Our 12-month target price for ANF shares of $88 incorporates relative, historical, and peer valuations. The shares recently traded at about 15 times our fiscal year 2008 earnings-per-share (EPS) estimate of $5.26, around a 10% discount to the level of peers and in line with the S&P MidCap 400 as well as ANF's five-year average one-year forward p-e multiple.

We believe that as investors focus on what we view as ANF's brand-building strategies, superior operating metrics, and management acumen, the shares will be afforded a higher p-e multiple. We anticipate that over the course of the next 12 months, the stock will trade in line with peers (at 17 p-e) and its recent two-year average one-year forward p-e multiple (17) using our fiscal year 2008 projected EPS.

We believe ANF's corporate governance policies are generally sound. The company has adopted charters regarding the nomination of directors, corporate governance guidelines, as well as the audit and compensation committees. It regularly reviews board performance. The board is controlled by a super majority of independent outsiders (greater than two-thirds), and we are encouraged that the audit committee consists entirely of independent outside directors.

The primary negative factor in our view, is that the chairman of the board, Mike Jeffries, also serves as the CEO. While this is a fairly common practice in the specialty-apparel and apparel and accessories industries, and we think the bench strength at ANF's New Albany (Ohio) headquarters is deep, this single-person dependency is a risk. We note a board-approved CEO succession plan is in place.

Whims of Fashion

Risks to our recommendation and target price, in our view, include negative same-store sales trends, fashion, and inventory risk.
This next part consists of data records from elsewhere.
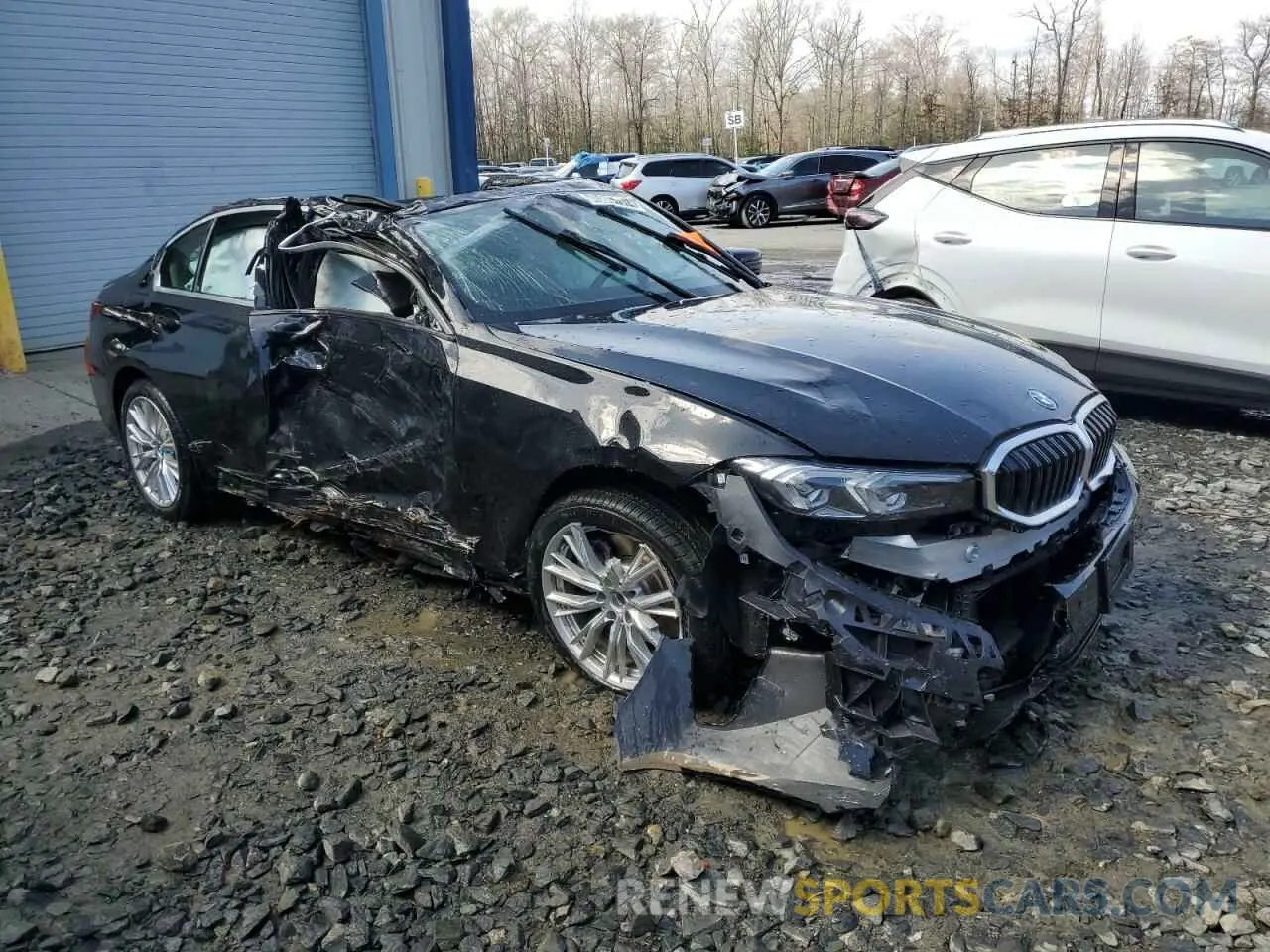 4 Photograph of a damaged car 3MW39FS03R8E11380 BMW 3 SERIES 2024
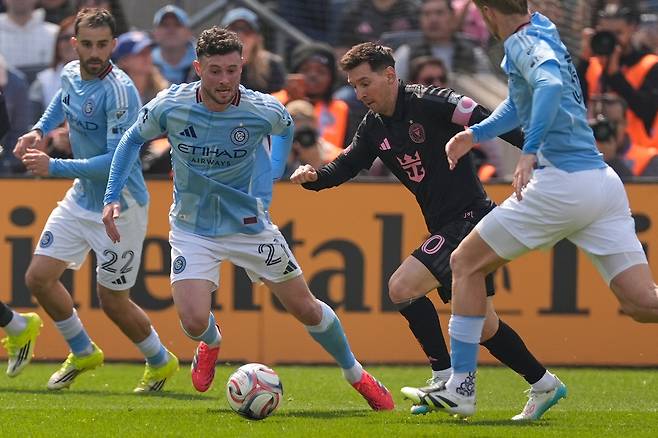 인터 마이애미 리오넬 메시가 23일 뉴욕시티전에서 상대 수비들 틈에서 드리블 돌파하고 있다. AP연합뉴스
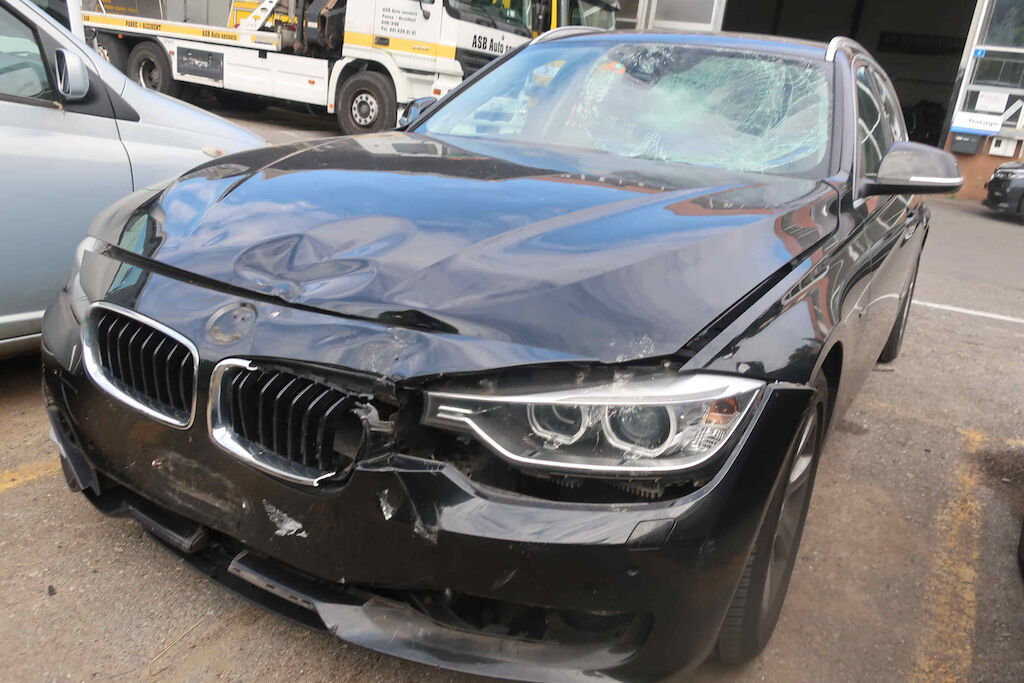 BMW 320D XDRIVE ID 470107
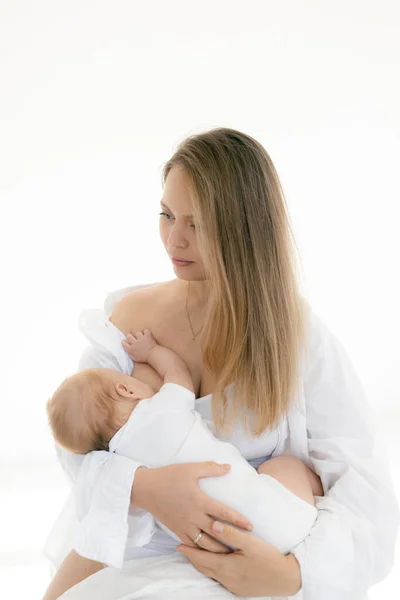 Young Woman Baby Her Arms Blonde Girl White Clothes Smiling — Stock Photo, Image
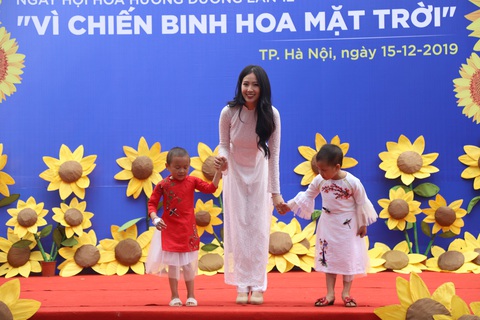 Hoa hướng dương làm ấm sáng mùa đông Hà Nội - Ảnh 6. Hoa hướng dương làm ấm sáng mùa đông Hà Nội - Ảnh 6.
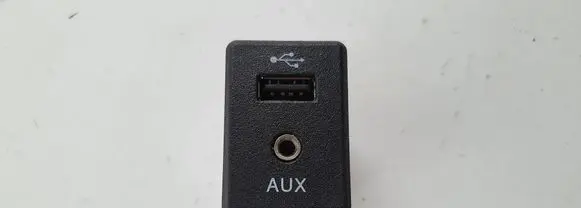 Nissan X-Trail T32 AUX in-socket connector 795405004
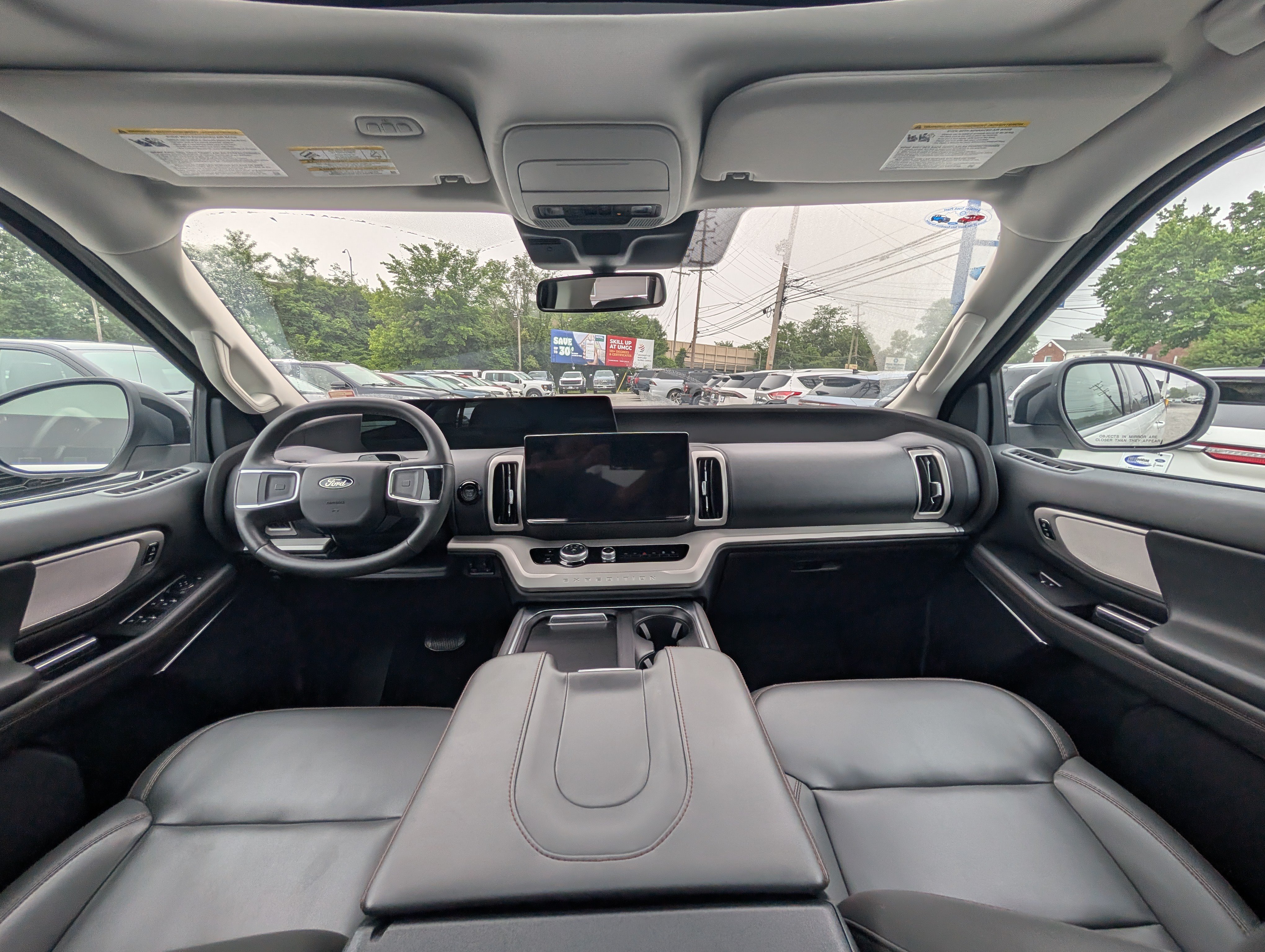 Certified 2025 Ford Expedition Active AWD/4WD image 23
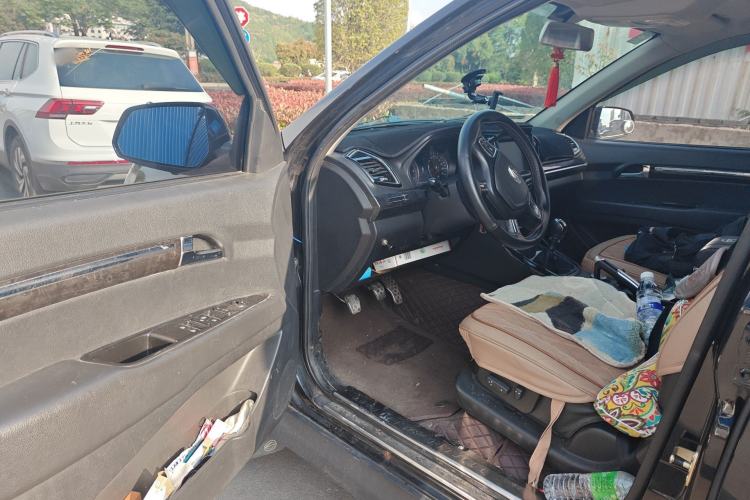 Used Land X8 2014 Explorer Edition 2.0T Gasoline 4x4 Ultra-Luxury Model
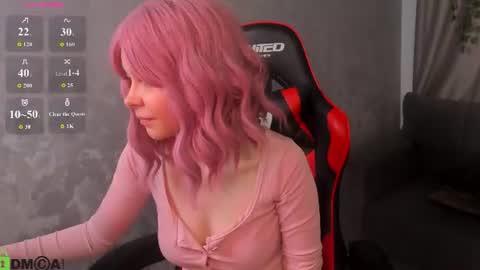 Snapshot of lune_fallenstar chatting on July 24, 9:07 am Lune FallenStar online show from July 24, 9:07 am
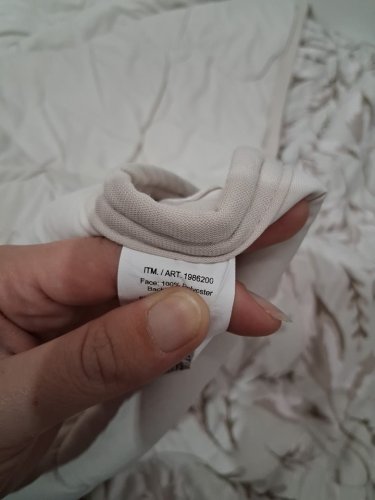 BERKSHIRE REVERSIBLE DOWN-ALTERNATIVE COOLING BLANKET - QUEEN - beige (MODEL: 1986200) image 4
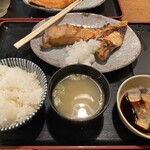 一夜干しと海鮮丼 できたて屋 - 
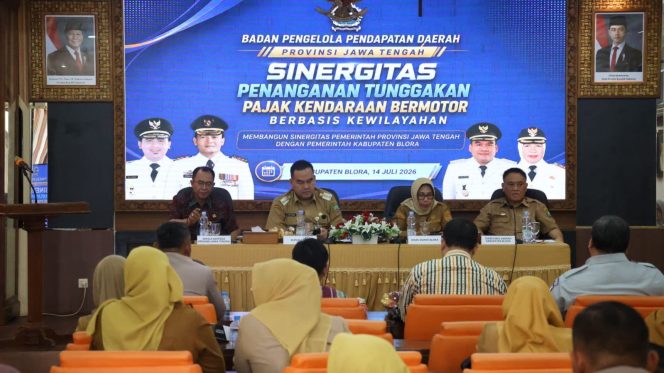 
					Pemkab Blora dan Bapenda Jateng Perkuat Sinergi Tingkatkan Kepatuhan Pajak Kendaraan Bermotor ‎
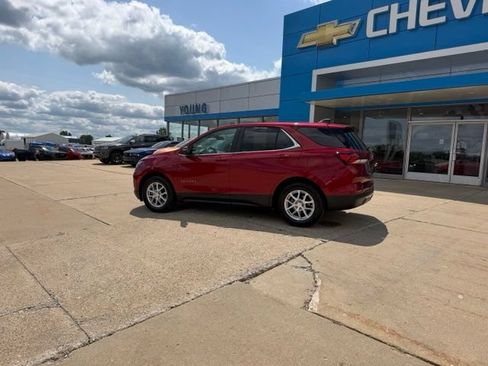 Used 2023 Chevrolet Equinox LT AWD/4WD image 3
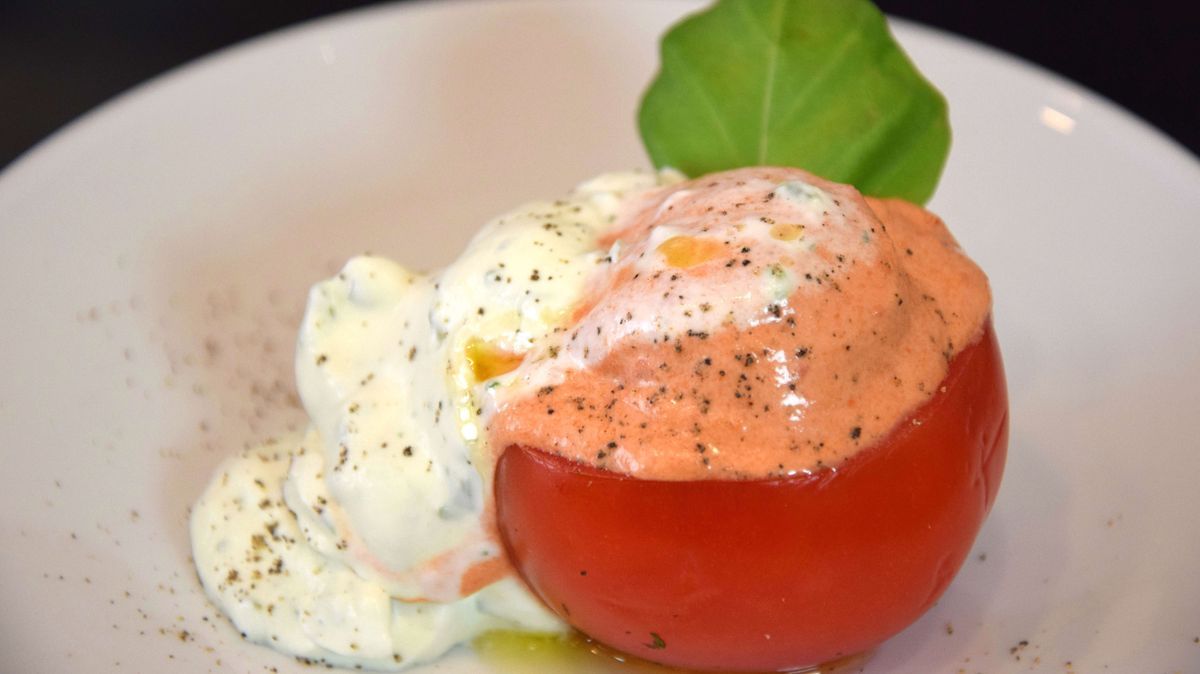 Tomaten-Eis mit Basilikumschaum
ANF's retail locations exclusively sell its proprietary branded apparel, accessories, and personal-care products. Therefore, the company is dependent on the strength and attractiveness of its brands to its target audiences. Fashion apparel is fiercely competitive, and youth consumers can be fickle. While we think this risk is mitigated by ANF's four distinct brands and customer profiles, an adverse change in consumer perception toward any of the brands could make it difficult for ANF to achieve our sales and earnings projections.

Same-store sales comparisons are difficult for the remainder of fiscal year 2007, and this metric is (although oftentimes mistakenly, in our view) investors' north star. International retail expansion has met with varying degrees of success for most retailers. While ANF's Canadian stores are very viable, European and Asian expansion could be more difficult. It is worth noting that international demand has been steady and growing on A&F's Web site.

Finally, with the RUEHL concept, ANF enters the adult apparel market (although we know many thirtysomethings who frequent the A&F stores for tightly fitted polo shirts and jeans), a market segment that is capturing growing attention from other specialty-apparel retail operators. While there is no guarantee of success, ANF's brand-building and retail development acumen is considerable, in our view.